Here I'm trying to solve this problem.
#A bar of 1meter of length is placed in a room at 10ºC. At a time t=0 its borders (x=0 and x=1) is placed in contact with Ice at 0ºC and then the system is kept isolated. Show the temperature profile of the bar at each time until t=0.2s#
# Ut = Uxx
# U(0,t)=0 e U(1,t)=0 => Boundary conditions
# U(x,0)=10 => Initial value
So, this is a simple Parabolic PDE problem that I've already solved by finite difference method, and plotted some results as you can see below:
The figure above shows the temperature profile of the bar as the time goes on from t=0 until t=0.2s.
But I'd like to do another kind of plot. Since this problem is unidimensional and I divided the bar in many small segments of length 0.05meters, I would like to plot the bar itself with its pieces and represent the temperature in each piece as time goes on. Like I tried to do in the figure below:
The figure above shows the variation of temperature as time goes on from t=0 to t=0.025s.
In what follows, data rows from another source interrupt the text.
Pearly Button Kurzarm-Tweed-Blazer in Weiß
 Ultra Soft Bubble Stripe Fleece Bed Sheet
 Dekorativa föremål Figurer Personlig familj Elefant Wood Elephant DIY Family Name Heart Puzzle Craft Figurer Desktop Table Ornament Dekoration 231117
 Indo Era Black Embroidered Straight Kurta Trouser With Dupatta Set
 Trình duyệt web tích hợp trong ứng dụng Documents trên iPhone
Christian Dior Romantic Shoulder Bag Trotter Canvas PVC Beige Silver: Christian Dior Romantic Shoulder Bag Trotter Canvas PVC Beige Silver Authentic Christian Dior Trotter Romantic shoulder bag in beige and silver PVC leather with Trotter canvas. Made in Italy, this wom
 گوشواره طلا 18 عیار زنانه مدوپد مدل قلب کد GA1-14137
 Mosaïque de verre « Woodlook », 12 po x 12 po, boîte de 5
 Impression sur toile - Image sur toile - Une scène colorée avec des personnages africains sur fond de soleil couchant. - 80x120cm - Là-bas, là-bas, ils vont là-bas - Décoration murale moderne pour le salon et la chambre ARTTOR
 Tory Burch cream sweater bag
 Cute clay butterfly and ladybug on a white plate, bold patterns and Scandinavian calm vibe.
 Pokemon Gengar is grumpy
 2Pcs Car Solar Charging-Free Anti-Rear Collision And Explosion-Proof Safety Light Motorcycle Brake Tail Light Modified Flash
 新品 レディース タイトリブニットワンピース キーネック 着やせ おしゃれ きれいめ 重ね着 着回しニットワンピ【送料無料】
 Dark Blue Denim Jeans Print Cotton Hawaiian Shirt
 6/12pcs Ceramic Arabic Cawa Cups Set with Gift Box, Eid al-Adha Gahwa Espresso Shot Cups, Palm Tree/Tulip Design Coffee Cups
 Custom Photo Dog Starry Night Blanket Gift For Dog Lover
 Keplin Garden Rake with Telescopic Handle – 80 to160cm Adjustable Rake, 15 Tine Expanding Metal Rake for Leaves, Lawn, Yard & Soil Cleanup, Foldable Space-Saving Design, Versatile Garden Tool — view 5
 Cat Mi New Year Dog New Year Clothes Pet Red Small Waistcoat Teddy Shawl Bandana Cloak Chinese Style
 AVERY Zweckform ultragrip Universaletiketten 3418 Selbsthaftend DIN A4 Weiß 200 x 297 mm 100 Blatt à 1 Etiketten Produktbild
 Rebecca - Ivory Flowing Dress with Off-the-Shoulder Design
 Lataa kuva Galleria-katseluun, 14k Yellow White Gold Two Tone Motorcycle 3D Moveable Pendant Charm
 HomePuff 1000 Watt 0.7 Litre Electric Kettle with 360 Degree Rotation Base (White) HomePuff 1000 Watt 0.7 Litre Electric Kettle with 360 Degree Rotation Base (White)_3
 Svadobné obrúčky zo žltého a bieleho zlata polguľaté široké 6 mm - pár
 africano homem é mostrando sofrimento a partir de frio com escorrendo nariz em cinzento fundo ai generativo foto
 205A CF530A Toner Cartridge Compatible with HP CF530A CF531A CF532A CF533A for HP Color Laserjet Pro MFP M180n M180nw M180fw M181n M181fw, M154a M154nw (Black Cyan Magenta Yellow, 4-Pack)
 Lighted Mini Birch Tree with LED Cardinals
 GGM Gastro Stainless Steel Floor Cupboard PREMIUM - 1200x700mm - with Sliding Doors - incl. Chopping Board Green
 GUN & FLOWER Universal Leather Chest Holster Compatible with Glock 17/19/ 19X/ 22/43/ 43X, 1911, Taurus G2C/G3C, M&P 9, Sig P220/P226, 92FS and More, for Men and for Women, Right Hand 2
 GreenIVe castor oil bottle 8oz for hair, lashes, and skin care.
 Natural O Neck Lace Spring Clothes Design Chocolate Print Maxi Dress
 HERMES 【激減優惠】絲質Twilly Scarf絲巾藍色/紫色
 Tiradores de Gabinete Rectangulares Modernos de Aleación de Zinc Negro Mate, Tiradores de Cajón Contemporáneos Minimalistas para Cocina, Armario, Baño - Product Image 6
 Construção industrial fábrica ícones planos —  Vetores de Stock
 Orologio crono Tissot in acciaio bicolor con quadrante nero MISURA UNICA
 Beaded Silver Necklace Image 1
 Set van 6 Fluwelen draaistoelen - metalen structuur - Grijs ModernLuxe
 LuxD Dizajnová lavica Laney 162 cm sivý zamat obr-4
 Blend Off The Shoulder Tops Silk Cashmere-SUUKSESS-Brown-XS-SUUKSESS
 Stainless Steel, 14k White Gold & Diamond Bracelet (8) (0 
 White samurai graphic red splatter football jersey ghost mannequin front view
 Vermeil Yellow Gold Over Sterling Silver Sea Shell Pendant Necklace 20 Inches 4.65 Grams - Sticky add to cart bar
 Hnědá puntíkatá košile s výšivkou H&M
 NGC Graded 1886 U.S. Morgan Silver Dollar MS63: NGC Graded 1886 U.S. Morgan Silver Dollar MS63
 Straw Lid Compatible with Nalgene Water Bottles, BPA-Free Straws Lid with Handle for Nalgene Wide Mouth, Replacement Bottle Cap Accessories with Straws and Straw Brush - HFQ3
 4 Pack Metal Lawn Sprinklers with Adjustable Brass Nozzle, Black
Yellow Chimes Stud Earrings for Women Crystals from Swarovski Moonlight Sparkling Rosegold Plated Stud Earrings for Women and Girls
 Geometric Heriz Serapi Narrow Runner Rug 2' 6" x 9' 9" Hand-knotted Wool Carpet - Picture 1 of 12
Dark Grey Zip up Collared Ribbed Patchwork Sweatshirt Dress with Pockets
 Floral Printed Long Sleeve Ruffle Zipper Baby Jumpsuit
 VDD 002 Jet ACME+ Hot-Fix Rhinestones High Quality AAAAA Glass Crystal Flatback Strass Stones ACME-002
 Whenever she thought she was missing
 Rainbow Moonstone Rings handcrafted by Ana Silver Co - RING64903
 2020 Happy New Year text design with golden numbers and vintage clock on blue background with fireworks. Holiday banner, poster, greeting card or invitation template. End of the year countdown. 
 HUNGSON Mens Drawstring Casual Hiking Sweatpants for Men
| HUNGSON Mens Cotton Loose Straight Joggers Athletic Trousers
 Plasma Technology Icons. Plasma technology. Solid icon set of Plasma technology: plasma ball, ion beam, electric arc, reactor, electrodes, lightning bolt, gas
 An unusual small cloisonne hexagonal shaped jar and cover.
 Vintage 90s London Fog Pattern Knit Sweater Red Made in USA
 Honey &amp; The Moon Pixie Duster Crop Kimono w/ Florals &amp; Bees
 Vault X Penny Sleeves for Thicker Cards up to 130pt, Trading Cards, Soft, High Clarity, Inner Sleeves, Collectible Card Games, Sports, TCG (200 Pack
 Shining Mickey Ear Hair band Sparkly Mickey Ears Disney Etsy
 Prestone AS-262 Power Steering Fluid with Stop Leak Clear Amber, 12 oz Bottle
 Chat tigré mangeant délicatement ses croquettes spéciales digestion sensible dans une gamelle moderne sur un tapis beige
The problem with this kind of plot is that is not what I was expecting, here is the way I created the figure above:
bar[j] := seq( rectangle ( [t[j] , x[i] ], [ t[j] + 0.001 , x[i+1] ], color = COLOR( RGB , u[i,j]/(10) , 0 , 0 )),i=1..nx-1);
As you can see, with this command I create the bar[j] (because there are many of them, something about 80) by putting lots of small rectangles one above the other and each one with the color being represented by its temperature (u[i,j]) at that time. But the temperature scale is not the apropriated, although it represents the temperature profile quite good.
I think there must be some sort of comand or a way to create a temperature scale in colors where we specify a color to represent the hottest temperature and another to represent the coldest temperature, and based on this 2 extremes create the others between them.
In my case, I'd chose the color blue to represent the 0ºC and the red to represent the 10º.
Now, can anyone please help me to discover which comand I use to create this scale that I told? or if it does not exist, just give an idea of how to represent better the second plot.
Wellington Azevedo Silva Junior
Metallurgical Engineering - IFES